Please copy only the material from the line that has "this 700×779 image." to the very last line, both ends included, exactly as written and without pictures.
====== Exercise material
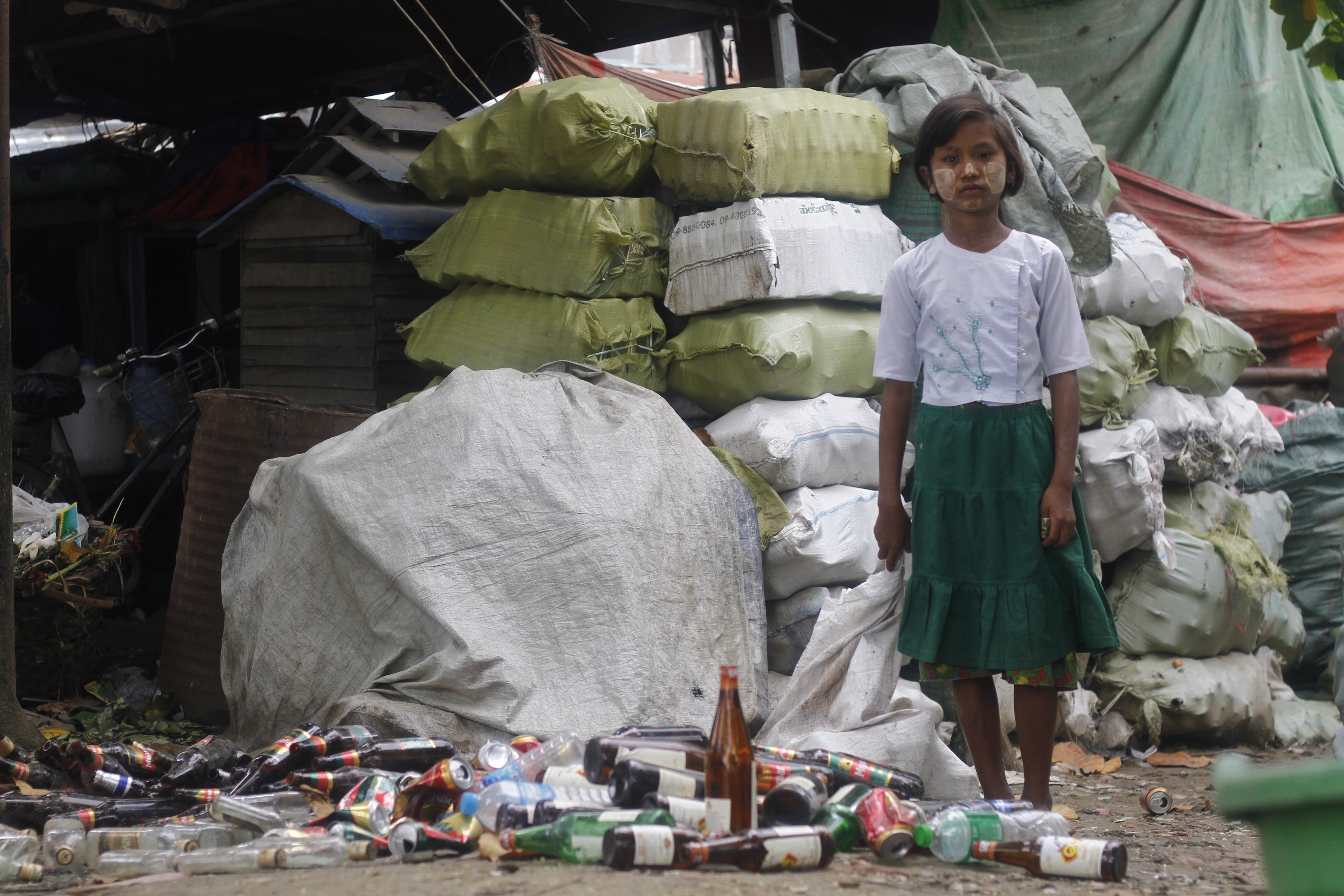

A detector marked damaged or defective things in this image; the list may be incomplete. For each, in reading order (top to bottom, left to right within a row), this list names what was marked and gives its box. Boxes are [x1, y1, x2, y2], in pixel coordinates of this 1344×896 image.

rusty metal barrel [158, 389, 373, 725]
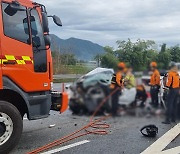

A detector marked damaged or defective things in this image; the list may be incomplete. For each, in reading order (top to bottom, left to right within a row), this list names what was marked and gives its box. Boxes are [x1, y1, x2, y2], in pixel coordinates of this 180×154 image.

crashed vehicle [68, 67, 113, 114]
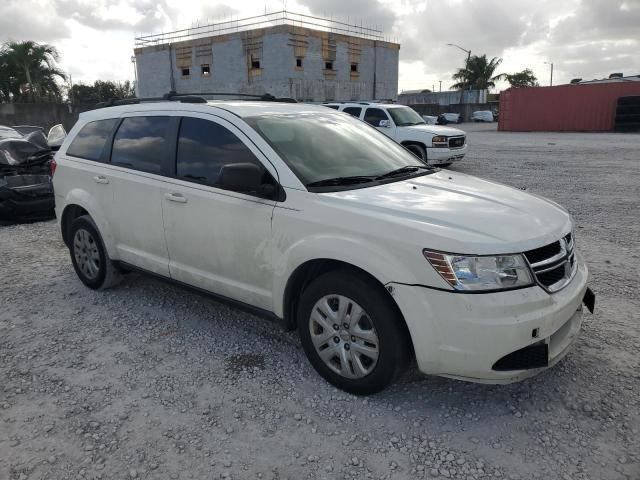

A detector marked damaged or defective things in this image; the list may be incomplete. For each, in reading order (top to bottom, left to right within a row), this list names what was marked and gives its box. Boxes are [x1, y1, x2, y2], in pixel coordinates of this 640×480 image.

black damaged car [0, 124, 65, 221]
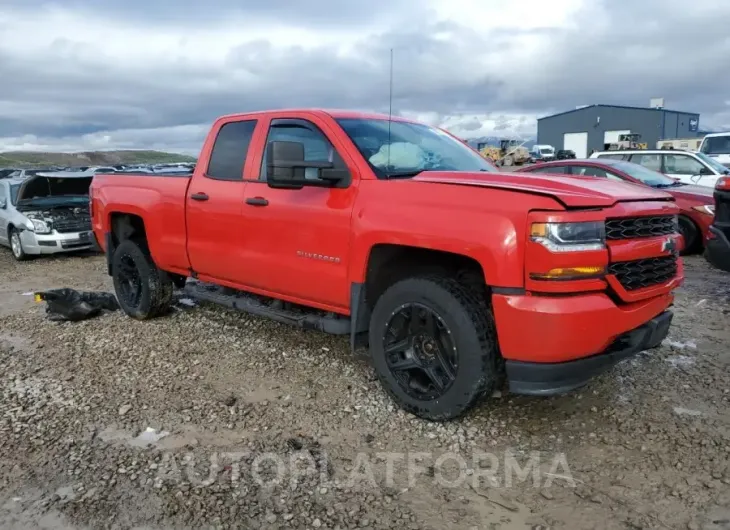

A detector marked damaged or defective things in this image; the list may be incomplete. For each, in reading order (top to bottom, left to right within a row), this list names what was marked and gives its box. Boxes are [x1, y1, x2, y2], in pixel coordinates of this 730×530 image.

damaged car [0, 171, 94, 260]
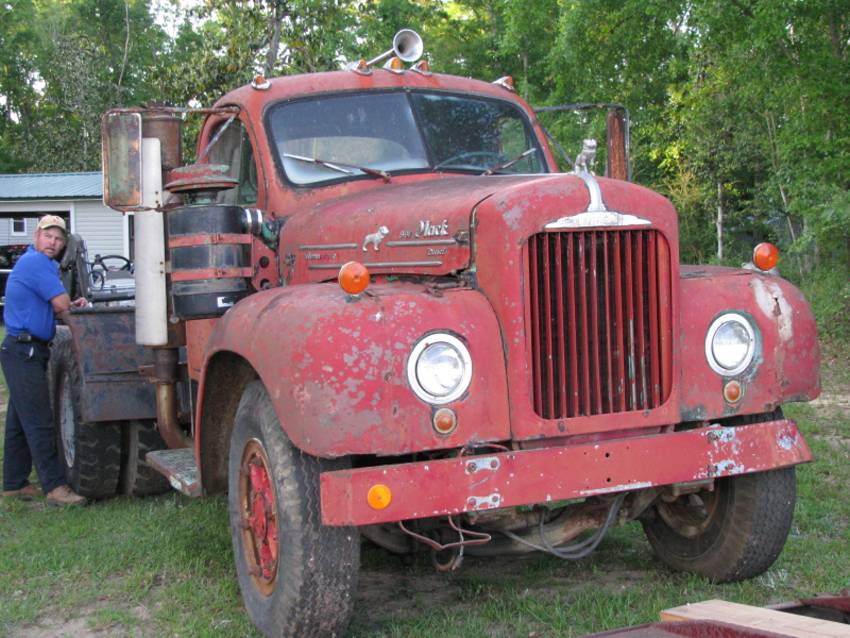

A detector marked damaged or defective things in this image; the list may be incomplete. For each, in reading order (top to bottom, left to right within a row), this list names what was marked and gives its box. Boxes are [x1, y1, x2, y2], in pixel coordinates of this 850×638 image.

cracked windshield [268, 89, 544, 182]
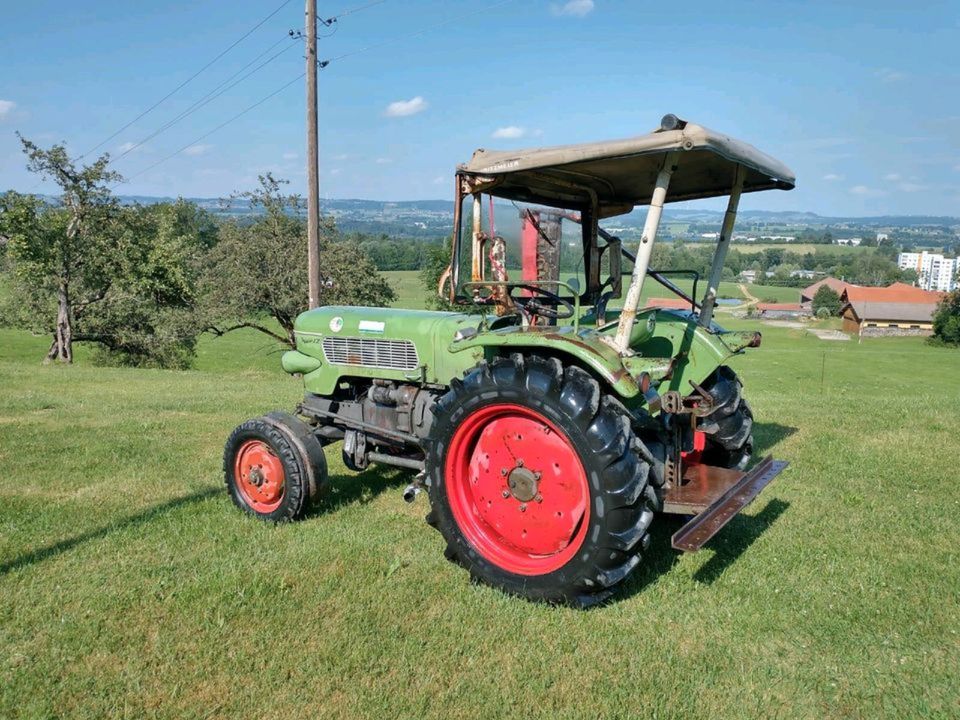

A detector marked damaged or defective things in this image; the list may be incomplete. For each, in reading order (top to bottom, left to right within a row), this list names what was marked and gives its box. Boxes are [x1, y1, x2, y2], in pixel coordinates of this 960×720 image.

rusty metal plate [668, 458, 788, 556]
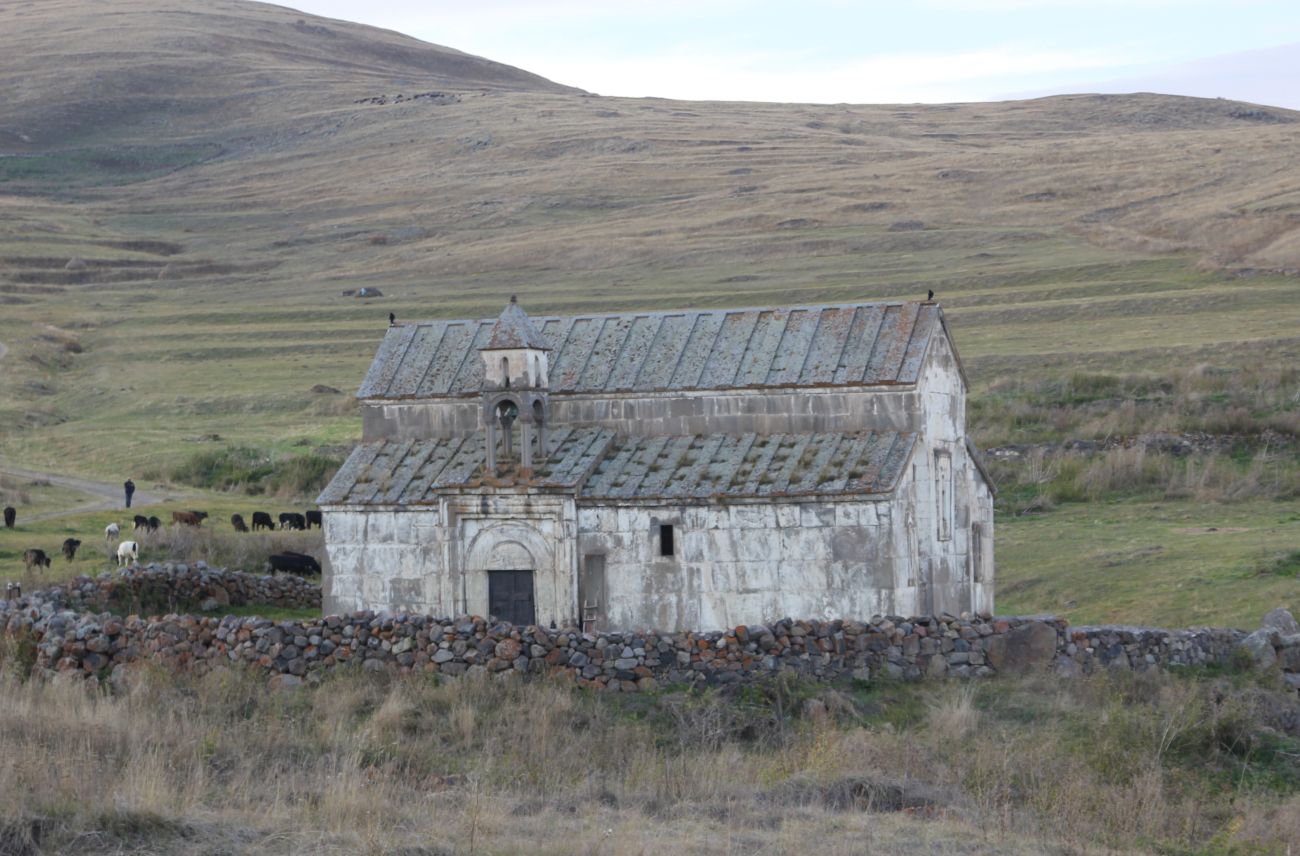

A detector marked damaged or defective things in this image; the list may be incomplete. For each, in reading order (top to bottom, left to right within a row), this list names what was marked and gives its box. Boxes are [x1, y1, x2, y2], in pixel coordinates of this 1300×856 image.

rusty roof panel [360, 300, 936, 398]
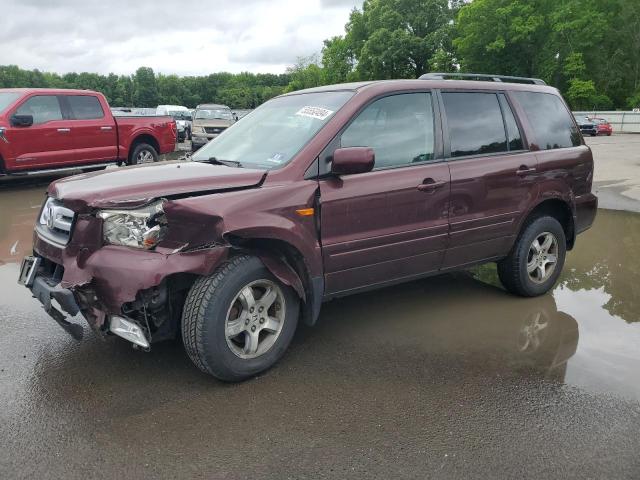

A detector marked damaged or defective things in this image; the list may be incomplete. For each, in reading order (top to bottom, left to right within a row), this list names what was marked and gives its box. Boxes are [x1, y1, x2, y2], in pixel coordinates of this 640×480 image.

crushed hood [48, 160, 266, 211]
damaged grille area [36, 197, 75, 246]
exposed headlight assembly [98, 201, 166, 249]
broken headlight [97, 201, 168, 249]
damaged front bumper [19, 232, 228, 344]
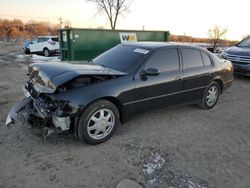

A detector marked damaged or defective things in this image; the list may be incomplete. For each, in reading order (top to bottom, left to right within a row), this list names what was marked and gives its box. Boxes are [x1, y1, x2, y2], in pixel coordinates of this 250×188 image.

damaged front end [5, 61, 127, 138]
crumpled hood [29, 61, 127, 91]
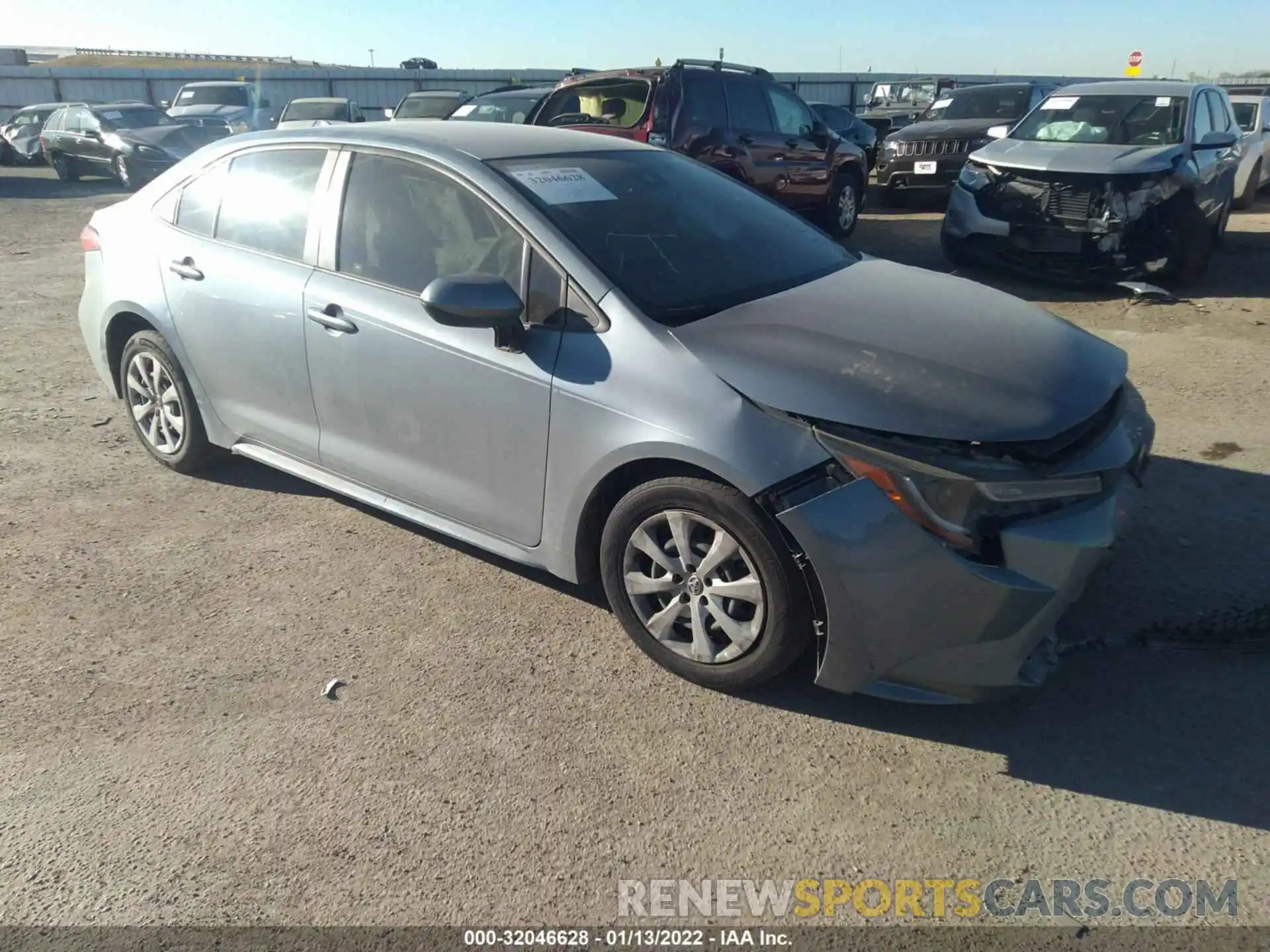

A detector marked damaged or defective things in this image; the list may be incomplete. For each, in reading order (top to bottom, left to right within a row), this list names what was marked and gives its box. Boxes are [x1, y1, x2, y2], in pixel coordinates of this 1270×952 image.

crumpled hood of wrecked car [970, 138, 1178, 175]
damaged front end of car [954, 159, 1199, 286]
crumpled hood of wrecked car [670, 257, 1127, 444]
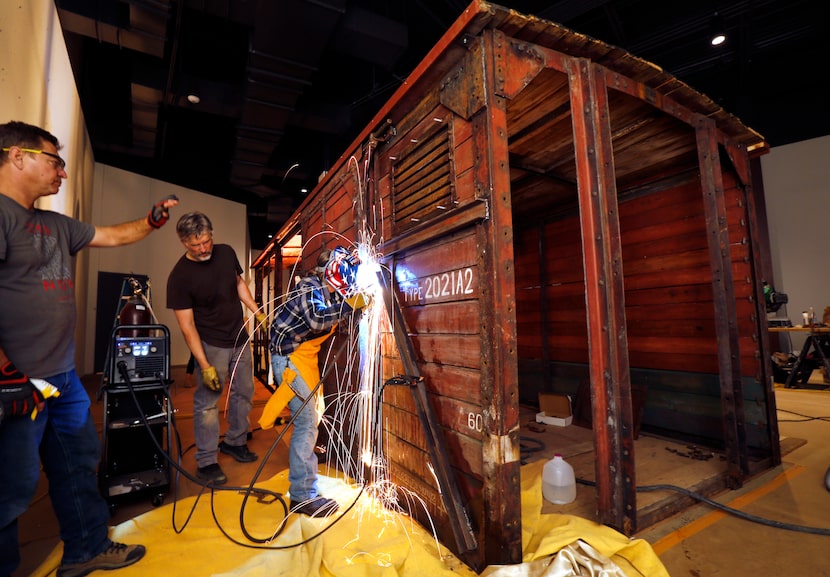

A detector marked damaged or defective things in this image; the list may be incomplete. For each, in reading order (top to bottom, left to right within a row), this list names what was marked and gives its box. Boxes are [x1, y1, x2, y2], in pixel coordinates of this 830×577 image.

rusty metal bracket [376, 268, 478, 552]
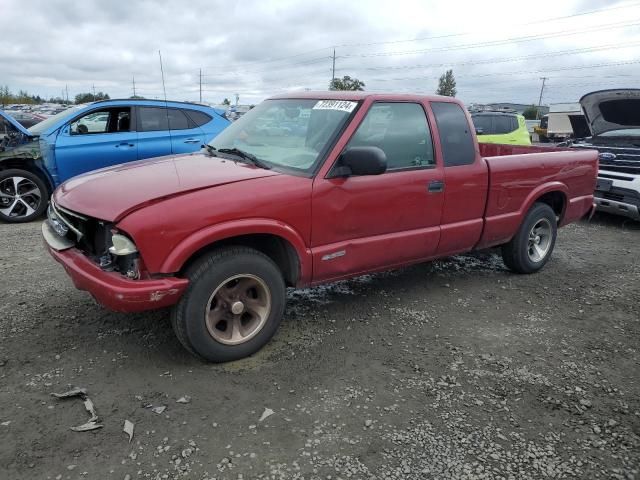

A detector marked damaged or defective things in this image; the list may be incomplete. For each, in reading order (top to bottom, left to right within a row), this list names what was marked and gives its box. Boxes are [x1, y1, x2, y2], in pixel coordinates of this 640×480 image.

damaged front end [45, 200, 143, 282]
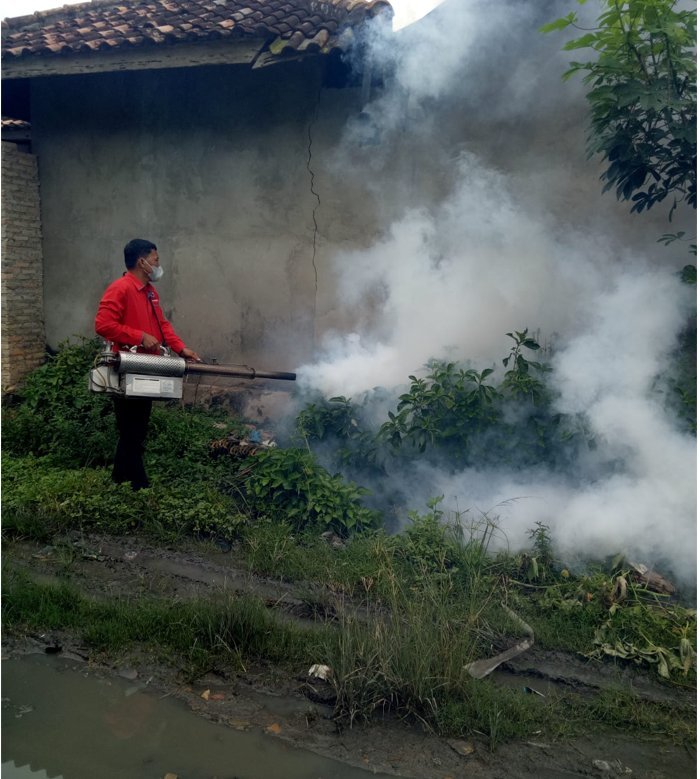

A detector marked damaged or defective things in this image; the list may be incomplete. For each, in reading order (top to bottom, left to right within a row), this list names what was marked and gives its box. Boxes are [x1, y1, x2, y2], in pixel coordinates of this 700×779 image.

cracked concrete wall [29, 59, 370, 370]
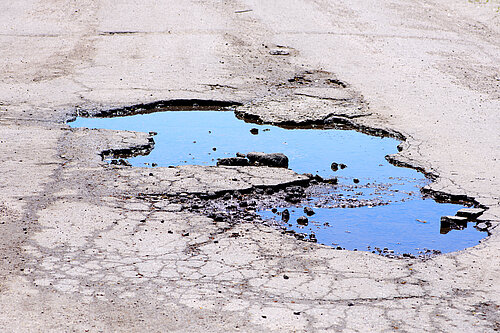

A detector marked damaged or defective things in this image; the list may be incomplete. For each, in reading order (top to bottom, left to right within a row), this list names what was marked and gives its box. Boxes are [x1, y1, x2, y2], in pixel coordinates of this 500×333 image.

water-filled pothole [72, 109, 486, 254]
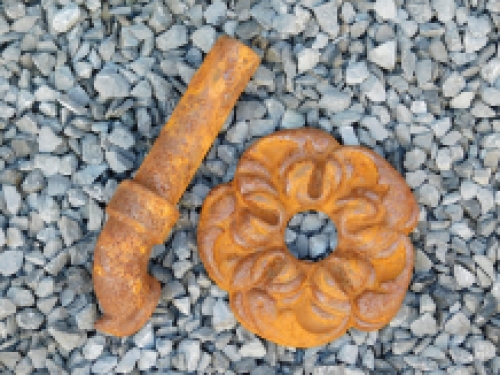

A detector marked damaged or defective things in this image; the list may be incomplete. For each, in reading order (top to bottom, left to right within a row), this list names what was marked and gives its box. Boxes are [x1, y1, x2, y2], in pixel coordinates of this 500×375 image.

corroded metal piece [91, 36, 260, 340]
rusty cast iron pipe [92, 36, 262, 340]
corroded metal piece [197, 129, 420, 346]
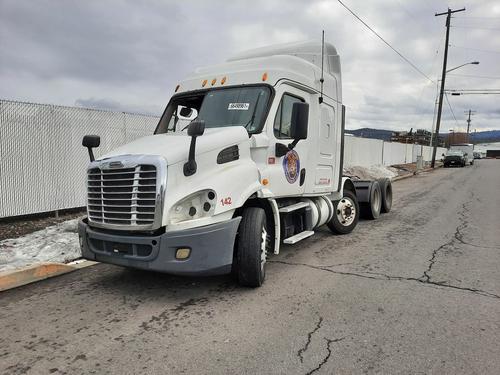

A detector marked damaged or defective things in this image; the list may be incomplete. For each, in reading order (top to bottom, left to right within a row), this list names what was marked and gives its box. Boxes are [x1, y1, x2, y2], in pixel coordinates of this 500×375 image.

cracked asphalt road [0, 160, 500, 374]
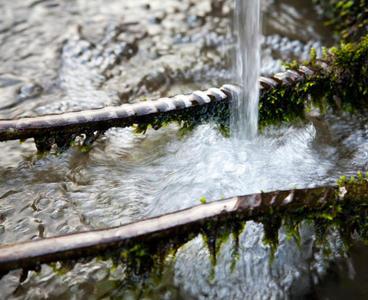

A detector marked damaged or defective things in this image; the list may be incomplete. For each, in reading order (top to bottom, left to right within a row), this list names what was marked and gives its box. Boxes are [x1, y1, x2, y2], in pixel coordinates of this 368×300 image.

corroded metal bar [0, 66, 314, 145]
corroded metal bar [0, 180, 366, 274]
============
*Reply to the exercise*:
A detector marked damaged or defective things in this image; the list may be incomplete. For each, in reading order (top to bottom, left to right within a row), this list names what was marked and gives its box. Boxes are [x1, y1, x2, y2], in pixel coordinates of this 700×779 image.

cracked concrete wall [29, 59, 370, 370]

A detector marked damaged or defective things in this image; the list may be incomplete. For each, in reading order (top to bottom, left to right within a row), this list names what was marked and gives its box. Boxes are [x1, y1, x2, y2], in pixel coordinates of this 500×333 image.

water-filled pothole [72, 109, 486, 254]

A detector marked damaged or defective things in this image; the list may be incomplete. For each, in reading order (top to bottom, left to right within a row), this list names what was marked and gives its box. Boxes are [x1, y1, x2, y2], in pixel coordinates of this 500×375 image.

corroded metal piece [91, 36, 260, 340]
rusty cast iron pipe [92, 36, 262, 340]
corroded metal piece [197, 129, 420, 346]

A detector marked damaged or defective things in this image; the list may be incomplete. For each, in reading order (top to bottom, left to right within a row), this list names what was marked and gives its box. Boxes are [x1, y1, x2, y2], in pixel coordinates of this 500×375 image.

cracked asphalt road [0, 160, 500, 374]

A detector marked damaged or defective things in this image; the list may be incomplete. For each, in reading order (top to bottom, left to right within a row), this list names what was marked and gives its box. Boxes are [x1, y1, x2, y2], in pixel coordinates of this 368×300 image.

corroded metal bar [0, 66, 314, 145]
corroded metal bar [0, 180, 366, 274]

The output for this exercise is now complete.